How is our industry going to live up to its reputation for being a champion job creator when we get hit by forces and events which are totally outside our control? Well, I think we will. In our annual Pipeline Report, which provides data on the deals signed by the international hotel chains, we saw an increase of almost 30 per cent in the number of new rooms in the pipeline in sub-Saharan Africa, in hotels due to open in the next three to four years. A very positive metric indeed.
Except that – we are not seeing enough progress to keep up with the opportunity and the need – need not just for hotels to satisfy growing demand, but the need to create jobs. At the recent Africa Hotel Investment Forum (AHIF) held in Addis Ababa, I led a panel of several international and regional operators, and asked them “how many hotels did you open in 2013 and 2014?”. Between the five companies represented, including four very large global players, the answer was, in total, fewer than 10. In 54 countries.
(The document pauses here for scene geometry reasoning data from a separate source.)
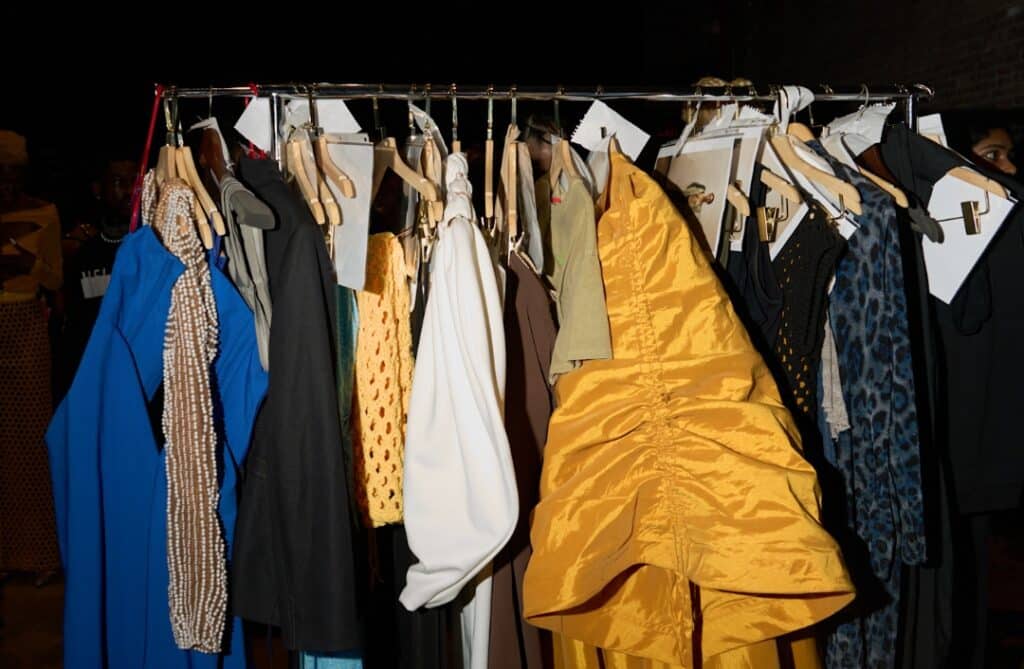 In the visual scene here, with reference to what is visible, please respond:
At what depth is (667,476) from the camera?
94 cm

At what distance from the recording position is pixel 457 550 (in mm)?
912

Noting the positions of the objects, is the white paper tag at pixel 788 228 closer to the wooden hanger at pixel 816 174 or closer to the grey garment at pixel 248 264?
the wooden hanger at pixel 816 174

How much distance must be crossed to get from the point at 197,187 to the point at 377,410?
438 millimetres

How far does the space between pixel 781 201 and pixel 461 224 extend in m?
0.58

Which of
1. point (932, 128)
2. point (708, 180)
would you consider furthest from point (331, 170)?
point (932, 128)

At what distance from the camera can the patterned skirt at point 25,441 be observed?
2.43 metres

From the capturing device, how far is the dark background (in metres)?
3.78

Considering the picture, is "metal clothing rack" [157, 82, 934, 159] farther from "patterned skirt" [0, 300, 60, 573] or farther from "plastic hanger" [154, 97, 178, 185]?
"patterned skirt" [0, 300, 60, 573]

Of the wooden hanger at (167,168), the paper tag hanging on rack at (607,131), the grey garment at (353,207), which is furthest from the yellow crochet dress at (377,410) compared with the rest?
the paper tag hanging on rack at (607,131)

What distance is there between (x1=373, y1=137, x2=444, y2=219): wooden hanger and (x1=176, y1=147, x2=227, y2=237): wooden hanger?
23cm

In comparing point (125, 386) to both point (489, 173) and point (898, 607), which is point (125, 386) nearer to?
point (489, 173)

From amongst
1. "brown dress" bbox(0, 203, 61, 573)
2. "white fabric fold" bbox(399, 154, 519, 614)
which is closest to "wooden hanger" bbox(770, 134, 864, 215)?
"white fabric fold" bbox(399, 154, 519, 614)

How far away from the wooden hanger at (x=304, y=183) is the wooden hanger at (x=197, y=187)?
13 cm

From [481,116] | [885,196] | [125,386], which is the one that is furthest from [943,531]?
[481,116] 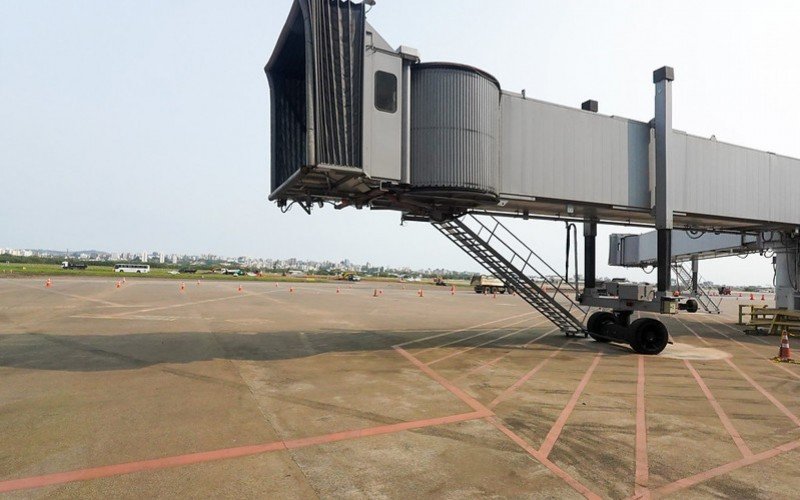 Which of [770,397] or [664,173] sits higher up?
[664,173]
Will we see more hotels opening in 2015? Possibly. No, almost certainly we will, but it’s not enough. In Lagos, the biggest city-economy on the continent, there are only two hotels with an international brand actually under construction, there have been no new starts this year, and only one hotel, the 74-room Lilygate (no brand) has opened. In Abuja, there is nothing under construction with an international brand associated with it.
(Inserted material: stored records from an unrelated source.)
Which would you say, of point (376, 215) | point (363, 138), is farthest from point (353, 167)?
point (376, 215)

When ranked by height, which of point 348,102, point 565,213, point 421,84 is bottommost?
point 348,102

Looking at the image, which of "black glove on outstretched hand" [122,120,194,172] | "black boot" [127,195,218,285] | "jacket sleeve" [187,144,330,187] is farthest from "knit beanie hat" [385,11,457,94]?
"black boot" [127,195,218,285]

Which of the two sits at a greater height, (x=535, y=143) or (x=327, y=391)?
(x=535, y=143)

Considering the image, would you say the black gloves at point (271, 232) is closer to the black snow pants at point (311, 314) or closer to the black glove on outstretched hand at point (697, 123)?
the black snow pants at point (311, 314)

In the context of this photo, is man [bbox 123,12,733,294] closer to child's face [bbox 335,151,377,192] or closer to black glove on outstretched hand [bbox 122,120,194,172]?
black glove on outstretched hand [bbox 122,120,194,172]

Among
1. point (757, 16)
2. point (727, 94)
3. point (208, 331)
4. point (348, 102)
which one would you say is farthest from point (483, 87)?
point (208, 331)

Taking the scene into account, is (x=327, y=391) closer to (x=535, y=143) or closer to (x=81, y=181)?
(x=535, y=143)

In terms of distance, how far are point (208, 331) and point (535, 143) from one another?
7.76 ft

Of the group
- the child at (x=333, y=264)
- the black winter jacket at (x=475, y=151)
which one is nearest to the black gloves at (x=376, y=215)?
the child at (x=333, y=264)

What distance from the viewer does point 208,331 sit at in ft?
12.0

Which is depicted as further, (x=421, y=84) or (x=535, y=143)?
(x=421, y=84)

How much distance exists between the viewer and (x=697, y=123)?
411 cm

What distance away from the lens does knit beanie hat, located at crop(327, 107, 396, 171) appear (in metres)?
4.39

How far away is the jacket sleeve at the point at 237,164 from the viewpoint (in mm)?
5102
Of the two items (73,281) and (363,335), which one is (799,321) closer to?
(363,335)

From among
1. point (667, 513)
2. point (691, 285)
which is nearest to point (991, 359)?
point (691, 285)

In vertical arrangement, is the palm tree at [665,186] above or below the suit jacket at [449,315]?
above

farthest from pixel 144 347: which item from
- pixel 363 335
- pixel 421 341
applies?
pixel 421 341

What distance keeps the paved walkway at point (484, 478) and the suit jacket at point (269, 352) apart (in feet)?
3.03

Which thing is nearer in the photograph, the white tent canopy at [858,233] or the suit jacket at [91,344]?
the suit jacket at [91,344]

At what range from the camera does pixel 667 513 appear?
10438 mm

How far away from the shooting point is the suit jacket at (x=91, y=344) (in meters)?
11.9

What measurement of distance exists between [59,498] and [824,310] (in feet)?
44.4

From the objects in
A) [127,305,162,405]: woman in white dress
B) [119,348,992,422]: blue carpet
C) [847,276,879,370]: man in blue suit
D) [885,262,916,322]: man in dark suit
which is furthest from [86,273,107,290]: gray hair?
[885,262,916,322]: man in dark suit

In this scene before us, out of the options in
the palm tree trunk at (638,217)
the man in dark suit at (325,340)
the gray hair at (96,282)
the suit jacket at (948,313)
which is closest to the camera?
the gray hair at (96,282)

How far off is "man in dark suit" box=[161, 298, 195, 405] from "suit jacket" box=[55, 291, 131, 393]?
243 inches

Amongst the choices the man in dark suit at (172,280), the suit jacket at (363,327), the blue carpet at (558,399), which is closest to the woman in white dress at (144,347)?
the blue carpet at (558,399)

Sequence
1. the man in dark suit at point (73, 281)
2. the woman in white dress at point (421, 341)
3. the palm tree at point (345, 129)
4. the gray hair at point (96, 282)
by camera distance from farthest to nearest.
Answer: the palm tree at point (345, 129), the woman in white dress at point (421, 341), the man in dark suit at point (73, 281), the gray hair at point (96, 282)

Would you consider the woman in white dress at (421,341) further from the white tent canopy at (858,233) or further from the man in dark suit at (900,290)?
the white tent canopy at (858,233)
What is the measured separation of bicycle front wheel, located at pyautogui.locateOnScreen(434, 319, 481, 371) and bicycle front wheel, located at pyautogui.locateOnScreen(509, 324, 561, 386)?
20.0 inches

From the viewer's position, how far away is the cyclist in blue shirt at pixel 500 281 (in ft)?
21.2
At that same AHIF panel, I asked the participants what they could do to jolly things along, to move from being “deal signers” to “project creators”. Naturally, the solutions from their point of view are limited – operators’ business model is that they rely on others to build them hotels for them to brand and manage. But we agreed that they need to get much more involved in pushing things along, and if needs be they are going to have to either invest themselves (and we are seeing that happen in a small way), or mobilise finance from other sources, which is the more likely and faster route to progress. Will it make much difference? Well, it is certainly a step in the right direction.
I’m not going to make any predictions for 2015. The world and Africa are going through interesting, nay turbulent times. Did I mention the impact of the slowdown in Europe, virtual stagnation in South Africa, and the energy-self-sufficiency in the USA?! All external factors that can be positive for us – the slowdown in South Africa is leading to investment and professional skills being exported northwards, and the shale gas boom in North America means that our oil industry in Africa must stop being complacent and get out there and sell to other markets.
Here in Lagos, we are seeing a comforting return of international and domestic travellers, and occupancies are on the rise. The prognosis for the future is, as ever, extremely positive – but that’s not a prediction!